Most, if not all, workers’ unions issued press releases in support of the movement. The General Federation of Iraqi Trade Unions (GFITU, the only official federation in today’s Iraq, dominated by the Sadrist current) called for “solidarity” with the uprising without asking workers to join the demonstrations. It advised the protesters to “protect the public property and maintain good contact with the security forces.” The General Federation of Workers’ Unions in Iraq (GFWUI) condemned the government’s violent crackdown and organized pickets outside oil companies and refineries in Basra, Nasiriyah, and Misan, as well as demonstrations in Baghdad and Babel. It also set up tents in Nasiriyah, providing food and drinks to the protesters.

In a recent mass meeting at the Basra Oil Company, labor demanded an end to repression. However, the local union pledged to continue production, undercutting the protesters blocking access. Thus, the most militant action is being taken by the unemployed and the poor, not by oil workers, who face severe punishment if they go on strike.

The Main Challenges Confronting Iraq’s Working-Class Movement

The Iraqi uprising — a heroic revolt of unemployed, precarious, and informal workers — nonetheless suffers from a few shortcomings:

  1. An “anti-organization” attitude, i.e., a general rejection of structure and an insistence on spontaneity. The animus is understandable, given protesters’ fear of being co-opted by dominant political parties. The slogan “no to political parties” is a popular refrain. Leftists and Marxists in the movement will have to emphasize the need for workers to organize politically against the bourgeois state, economic elites, and the dominant political parties in order to ensure its independence.
  2. A “patriotic” discourse, encapsulated in the popular mantra “I want a homeland.” Protesters hoist the Iraqi flag, singing the national anthem, and display posters that denounce sectarianism and the ruling class’s subservience to neighboring countries, especially Iran. They stress their affiliation to their homeland rather than to religious sects — a positive step compared to the politics of Islamic parties. But this also tends to blur the struggle’s working-class dimension.
  3. A reliance on international players, which leads some to call for US pressure to win change — even though most Iraqis hold America responsible for their catastrophic conditions. Some activists have met with the UN secretary-general’s special representative, Jeanine Hennis-Plasschaert, to ask for help from the United Nations. Other activists look to the European Union. But although mobilizing international support is not entirely wrongheaded, focusing on the intervention of external powers instead of relying primarily on the force of the movement is a mistake.
  4. The lack of a recognizable political organization that can advance movement demands independently of all bourgeois forces. My experience in Tahrir Square in recent weeks, meeting with unions, political groups, and associations of teachers, academics, artists, and doctors, showed me that an “elite” acts in its own capacity without input from the main forces that started this movement: the unemployed and precarious and informal workers, such as the tuk-tuk drivers’ unions.
  5. Finally, workers and the poor are still divided. Two major tendencies have emerged in Tahrir Square: a patriotic strain, standing against sectarianism and demanding that the UN step in and organize new elections; and a Shia Islamic-nationalist tendency, represented by the Sadrist current, which has four ministers and fifty-four members of parliament yet claims to represent the poor. Many protesters in Baghdad have demanded that the Sadrist current leave the square since people are revolting against the rule of all Islamic parties. Marxists, including the WCPI, emphasize the need for the workers’ movement to act and intervene as an independent political force, and have organized to this end.
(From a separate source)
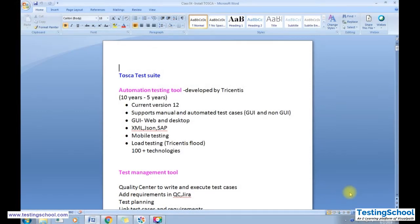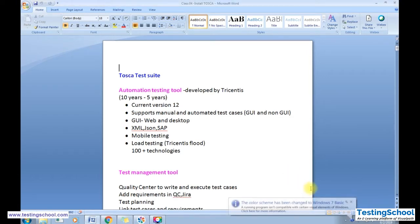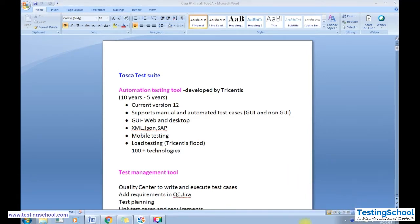Good morning and welcome to Tosca training. In today's session we'll be focusing on how to install Tosca and what are the advantages of using Tosca. Tosca is an automation tool developed by a company called Tricentis. It was developed in the year 2007 and has been in the market for more than 10 years, becoming popular over the last five years.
So far, the ones who put themselves in the gravest danger are the most precarious. The poor, the unemployed, the people with nothing to lose — these are the ones occupying the front lines, facing down riot police, militias, and even Iranian paramilitary forces. But if history is any guide, the organized working class will have to play a bigger role in the movement if protesters are to win a state that actually addresses their needs.